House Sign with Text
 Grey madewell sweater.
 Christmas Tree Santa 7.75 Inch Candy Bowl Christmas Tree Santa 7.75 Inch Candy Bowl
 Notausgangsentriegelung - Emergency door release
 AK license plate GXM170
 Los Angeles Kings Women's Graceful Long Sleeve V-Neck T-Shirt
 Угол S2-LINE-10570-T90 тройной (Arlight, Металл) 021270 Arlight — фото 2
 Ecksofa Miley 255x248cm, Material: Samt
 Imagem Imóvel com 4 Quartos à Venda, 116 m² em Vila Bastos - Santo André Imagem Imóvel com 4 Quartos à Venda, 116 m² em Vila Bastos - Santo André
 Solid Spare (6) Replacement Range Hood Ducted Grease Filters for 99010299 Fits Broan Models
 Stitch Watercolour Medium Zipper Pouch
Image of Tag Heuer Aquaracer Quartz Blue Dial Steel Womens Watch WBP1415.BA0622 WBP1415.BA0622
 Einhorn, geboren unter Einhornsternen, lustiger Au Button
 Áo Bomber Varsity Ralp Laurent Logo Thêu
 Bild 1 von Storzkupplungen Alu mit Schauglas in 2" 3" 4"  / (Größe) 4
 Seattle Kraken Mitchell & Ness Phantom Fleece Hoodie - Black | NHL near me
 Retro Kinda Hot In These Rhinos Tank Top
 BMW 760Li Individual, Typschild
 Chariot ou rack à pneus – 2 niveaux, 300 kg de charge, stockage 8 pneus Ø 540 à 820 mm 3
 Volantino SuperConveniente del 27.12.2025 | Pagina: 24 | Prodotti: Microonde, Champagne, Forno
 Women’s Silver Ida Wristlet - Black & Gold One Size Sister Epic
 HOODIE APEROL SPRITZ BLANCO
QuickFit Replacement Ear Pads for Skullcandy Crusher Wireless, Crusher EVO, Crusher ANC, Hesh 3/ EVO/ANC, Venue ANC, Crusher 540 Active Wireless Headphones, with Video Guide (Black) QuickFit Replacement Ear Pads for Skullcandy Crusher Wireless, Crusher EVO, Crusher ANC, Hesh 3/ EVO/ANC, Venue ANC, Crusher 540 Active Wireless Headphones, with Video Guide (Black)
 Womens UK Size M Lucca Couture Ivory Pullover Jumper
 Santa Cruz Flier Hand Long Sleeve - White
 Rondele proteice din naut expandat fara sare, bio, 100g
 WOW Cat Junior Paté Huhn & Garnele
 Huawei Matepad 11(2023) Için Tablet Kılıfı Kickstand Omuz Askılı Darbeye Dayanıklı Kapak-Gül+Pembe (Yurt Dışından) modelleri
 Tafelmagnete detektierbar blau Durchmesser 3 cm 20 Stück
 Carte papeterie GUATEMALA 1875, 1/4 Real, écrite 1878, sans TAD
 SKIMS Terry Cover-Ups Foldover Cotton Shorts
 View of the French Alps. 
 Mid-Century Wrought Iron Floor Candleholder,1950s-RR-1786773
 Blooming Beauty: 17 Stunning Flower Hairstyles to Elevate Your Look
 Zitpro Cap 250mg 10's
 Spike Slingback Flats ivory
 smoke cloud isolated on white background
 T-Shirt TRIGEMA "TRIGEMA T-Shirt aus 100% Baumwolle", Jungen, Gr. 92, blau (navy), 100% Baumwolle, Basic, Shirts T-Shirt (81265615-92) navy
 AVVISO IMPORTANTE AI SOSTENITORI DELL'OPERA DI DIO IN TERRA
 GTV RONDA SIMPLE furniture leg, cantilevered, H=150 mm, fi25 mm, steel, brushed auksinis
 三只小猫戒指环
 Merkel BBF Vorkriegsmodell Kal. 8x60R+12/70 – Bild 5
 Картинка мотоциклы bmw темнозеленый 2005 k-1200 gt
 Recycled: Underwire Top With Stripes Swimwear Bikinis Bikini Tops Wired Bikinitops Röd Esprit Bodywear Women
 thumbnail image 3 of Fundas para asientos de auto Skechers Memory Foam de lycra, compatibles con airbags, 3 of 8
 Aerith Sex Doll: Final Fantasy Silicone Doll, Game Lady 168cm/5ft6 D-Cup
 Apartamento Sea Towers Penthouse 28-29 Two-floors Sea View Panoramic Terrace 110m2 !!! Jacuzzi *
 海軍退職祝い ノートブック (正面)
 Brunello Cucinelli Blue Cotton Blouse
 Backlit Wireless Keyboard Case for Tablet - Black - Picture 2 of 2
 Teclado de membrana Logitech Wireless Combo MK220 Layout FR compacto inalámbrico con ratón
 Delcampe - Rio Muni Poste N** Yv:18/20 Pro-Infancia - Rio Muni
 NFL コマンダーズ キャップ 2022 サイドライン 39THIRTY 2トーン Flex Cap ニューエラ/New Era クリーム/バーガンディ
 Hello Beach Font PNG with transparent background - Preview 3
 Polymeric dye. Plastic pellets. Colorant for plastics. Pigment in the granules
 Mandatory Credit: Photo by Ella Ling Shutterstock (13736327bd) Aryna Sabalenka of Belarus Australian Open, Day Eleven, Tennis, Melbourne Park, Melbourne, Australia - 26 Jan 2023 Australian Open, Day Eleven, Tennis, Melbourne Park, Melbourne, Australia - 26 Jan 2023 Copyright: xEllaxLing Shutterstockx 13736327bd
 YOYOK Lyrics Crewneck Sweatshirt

**Exercise instructions**
Please write out, exactly as they appear above, only the lines in the stretch from the line with "smoke cloud isolated on white background" through the line with "Delcampe - Rio".

**Your solution**
 smoke cloud isolated on white background
 T-Shirt TRIGEMA "TRIGEMA T-Shirt aus 100% Baumwolle", Jungen, Gr. 92, blau (navy), 100% Baumwolle, Basic, Shirts T-Shirt (81265615-92) navy
 AVVISO IMPORTANTE AI SOSTENITORI DELL'OPERA DI DIO IN TERRA
 GTV RONDA SIMPLE furniture leg, cantilevered, H=150 mm, fi25 mm, steel, brushed auksinis
 三只小猫戒指环
 Merkel BBF Vorkriegsmodell Kal. 8x60R+12/70 – Bild 5
 Картинка мотоциклы bmw темнозеленый 2005 k-1200 gt
 Recycled: Underwire Top With Stripes Swimwear Bikinis Bikini Tops Wired Bikinitops Röd Esprit Bodywear Women
 thumbnail image 3 of Fundas para asientos de auto Skechers Memory Foam de lycra, compatibles con airbags, 3 of 8
 Aerith Sex Doll: Final Fantasy Silicone Doll, Game Lady 168cm/5ft6 D-Cup
 Apartamento Sea Towers Penthouse 28-29 Two-floors Sea View Panoramic Terrace 110m2 !!! Jacuzzi *
 海軍退職祝い ノートブック (正面)
 Brunello Cucinelli Blue Cotton Blouse
 Backlit Wireless Keyboard Case for Tablet - Black - Picture 2 of 2
 Teclado de membrana Logitech Wireless Combo MK220 Layout FR compacto inalámbrico con ratón
 Delcampe - Rio Muni Poste N** Yv:18/20 Pro-Infancia - Rio Muni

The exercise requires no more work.